Chapitre 6
Écritures improbables
6. ÉCRITURES IMPROBABLES
L’improbabilité pourrait bien devenir le nouveau nom de la littérarité.
On touche ici à une question historique vaste et complexe : selon quels critères fait-on la part entre les textes non artistiques et les textes qui relèvent de l’art d’écrire?
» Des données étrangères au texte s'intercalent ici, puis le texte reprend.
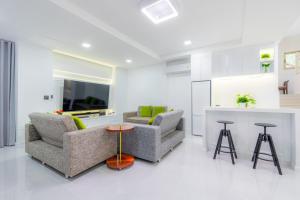 een witte woonkamer met twee stoelen en een toonbank bij KARN E2 House Khaoyai in Mu Si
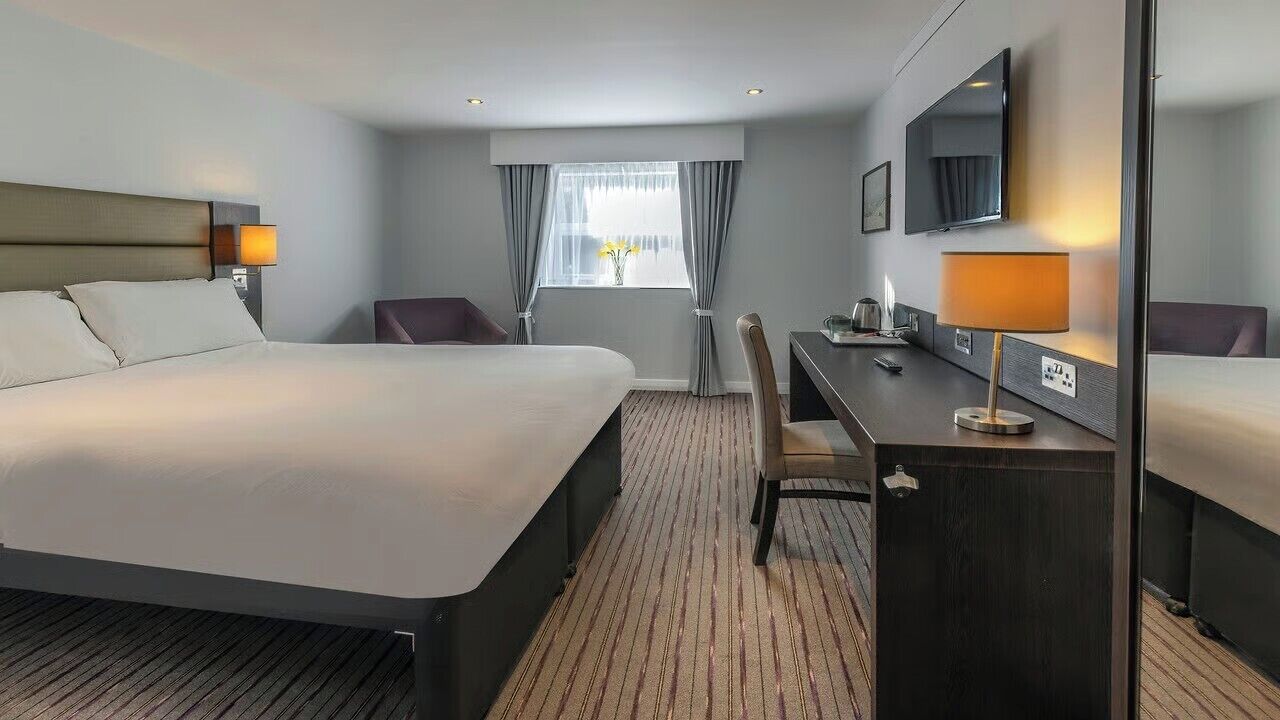 Habitación de hotel con una cama grande, un escritorio con lámpara, una silla, un televisor y una ventana con cortinas.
Jacques Rancière a apporté des réponses très intéressantes à cette question, en explorant tout particulièrement le passage, annoncé par De la littérature de Madame de Staël en l’an zéro du XIXe siècle (1800), du régime représentatif au régime esthétique de l’art d’écrire. Pour résumer, sous l’ancien régime, les textes étaient jugés artistiques lorsqu’ils s’inscrivaient dans la mimesis, selon un tableau de la représentation du réel, alors que sous le régime inauguré à l’époque romantique, ils sont jugés artistiques lorsqu’ils recueillent les signes du réel de façon sensible.
Est-il possible qu’à l’aube de l’âge de l’intelligence, on amorce le passage de la notion de sensibilité à celle d’improbabilité pour départager les écrits artistiques des écrits non artistiques? On entrerait ainsi — je jazze sur les concepts — du régime esthétique au régime algorithmique de l’art d’écrire. Ce serait les mathématiques qui détermineraient ce qui est littérature et ce qui ne l’est pas, et le critère de partage le plus sûr reposerait sur la notion de probabilité statistique. Si un écrit se situe dans une région de haute probabilité statistique, ce peut être un courriel, un rapport, un briefing, un avis juridique, etc. Si, en revanche, un texte se situe dans une région de très faible probabilité statistique, il pourrait être considéré comme littéraire.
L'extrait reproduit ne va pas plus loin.